Clearly, then, re-establishing ‘Lynchian’ to its original meaning can clearly be accomplished through a comparison with Pinter, and through Pinter we can explore the politics of Twin Peaks — conscious or unconscious — more thoroughly. Leaning more in line with Foucault’s approach to the history of ideas, it’s reductive to suggest the formal approaches of both Pinter and Lynch is merely within the grand tradition of absurdist fiction, but rather as reactions to their own times in similar circumstances. Pinter, in writing The Room and The Birthday Party, was arguably reacting to the conservatism of late-Churchill and early-Elizabethan England, in which national pride had overtaken the socialist, reconstructive bent of Attlee’s post-war government. Twin Peaks, on the other hand, depicts an era wherein the promise of Obama’s progressive presidency had declined into an all-Republican senate and deplorable foreign policy, following which a recession-battered America returned, by and large, to toxic and depraved nationalism under Trump.

Copyright: Showtime

Lynch’s criticism of rose-tinted nostalgia is arguably more meta than Pinter’s, who factored this theme into his actual narratives; Twin Peaks’ return, twenty-five years in the making, foregrounds the horrifically nasty landscape in which the original show (1990–91) takes place, and how Dale Cooper’s absence entails the lack of an easy saviour. In that, the show became intensely difficult, because not merely is the storytelling more, shall we say, Pinterish than the original series, it also has Pinter’s propensity for filling a work of fiction full of “victims and shits” without the saving grace of a hero.

Hence, the rug was pulled violently from beneath the feet of millions of collective fans, all of whom thought they were counting down the days until doughnuts and coffee. As full-scale Republicanism returned to mainstream politics in America, Lynch retrofitted the macabre of Blue Velvet — his anti-Reagan film — to the soap opera storytelling of the original Twin Peaks. Basically, as Lynch attempted to warn everyone with Fire Walk With Me (1992), the world of Twin Peaks is far darker, and far more destructive, than he was initially allowed to depict on television; that, in essence, allows the act of being ‘Lynchian’ to operate in full force. Now he has the capability, did you really want to see how this world came to life? Sure. Go for it. But don’t say he didn’t warn you.

Copyright: Showtime

Finally, it’s worth mentioning the atomic bomb, which figures heavily within the context of Pinter’s work—his early plays are heavily informed by post-nuclear society, wherein the banal and the disastrous collide on a regular basis—as well as in “Part 8”, the seismic, fully abstract halfway marker in Twin Peaks: The Return. In that episode, the Dark Cooper storyline takes up the first twenty minutes or so before the events of the series are abandoned altogether, and the scene abruptly cuts from the present to the 16th of July, 1945: the date of the first nuclear weapons test. The following, verbally indescribable events are suggested to be the birth of BOB, the show’s primary antagonist. We then proceed to 1956, where a Woodsman wanders around asking for lighters and crushing peoples’ skulls (irrespective of the answer).

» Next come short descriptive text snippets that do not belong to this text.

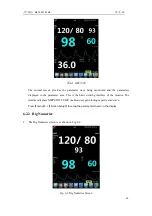 Предварительный просмотр 41 страницы Northern Meditec Taurus E Operator'S Manual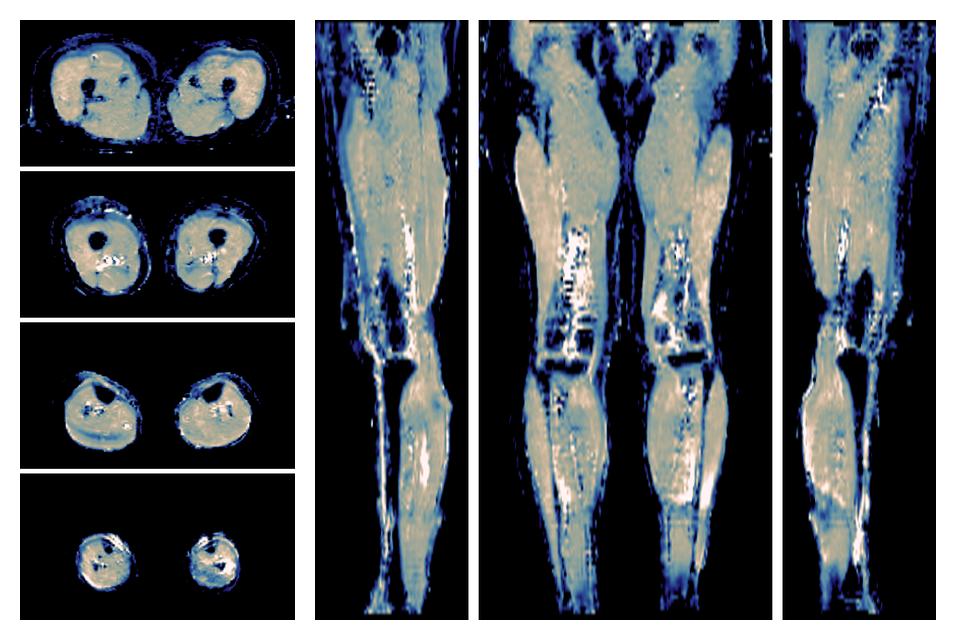 IVIM corrected whole leg muscle mean diffusivity obtained from diffusion tensor imaging.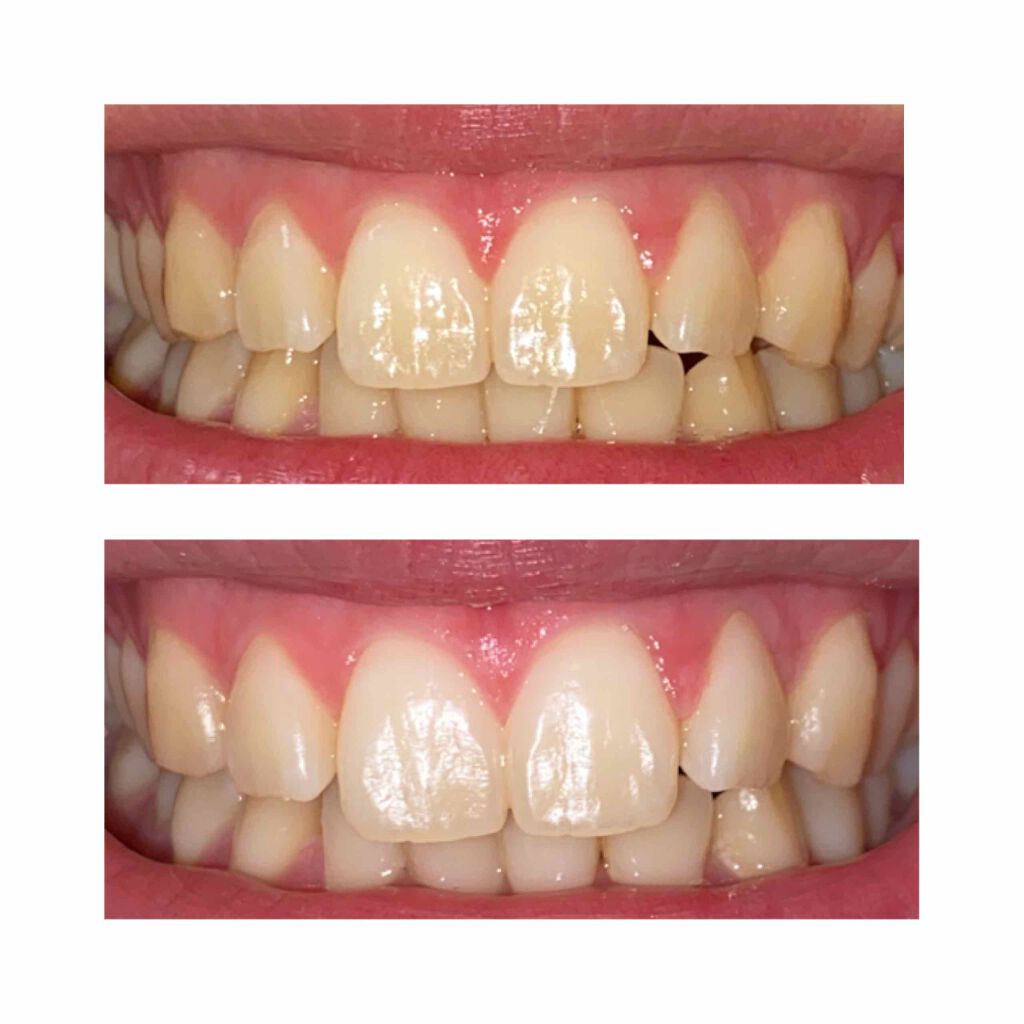 Crest SUPREME whitestrips /Crest/その他オーラルケアを使ったクチコミ(2枚目)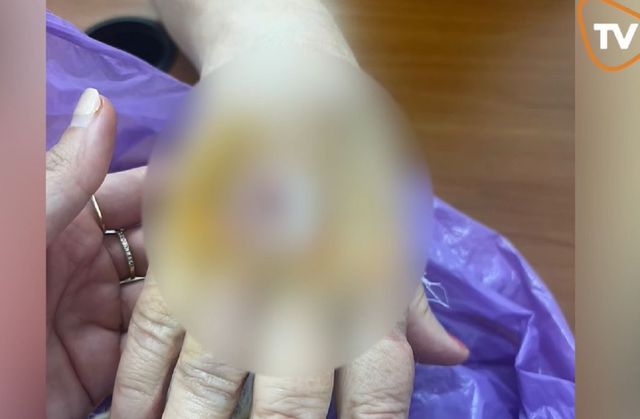 Femeie mușcată de un șacal în parcul de lângă Primăria din Arad, când încerca să-și apere cîinele atacat de animalul sălbatic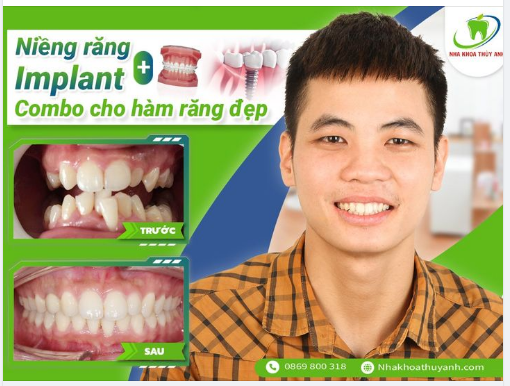 NỤ CƯỜI ĐẸP KHỞI ĐẦU CHO VẠN ĐIỀU MAY MẮN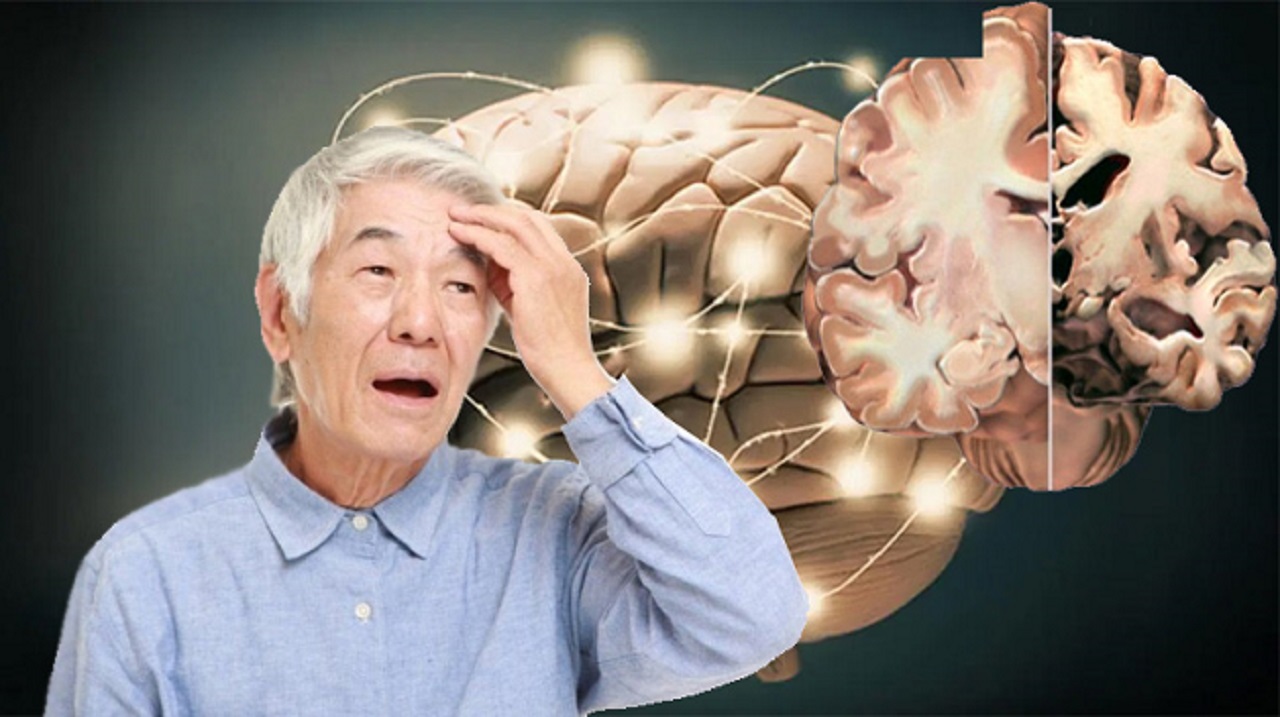 Bệnh Alzheimer là gì? Nguyên nhân, triệu chứng và những kiến thức cần nắm rõ hoi-chung-alzheimer-la-gi-1-1.jpg
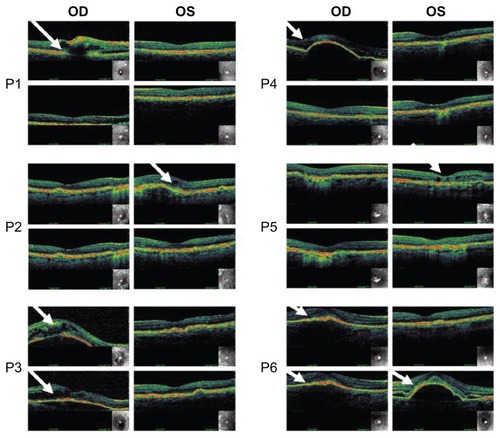 Figure 1 Optical coherence tomographic (OCT) images illustrating retinal thickness of each individual patient (P1–P6) before and after injections (18 weeks in between images).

Here, the show actually does lean into surrealism, but that’s the exception that proves the rule, given it seems to suggest that the entire mythos of Twin Peaks was spawned from the Manhattan Project—or, rather, from humanity’s eternal self-destructive bent. Despite their respective narratives journeys, Pinter and Lynch arrive at the same destination, and seem to agree that modern life is equal parts mundane and horrifying; from cornflakes and sweeping brushes to mental catastrophe and genocide.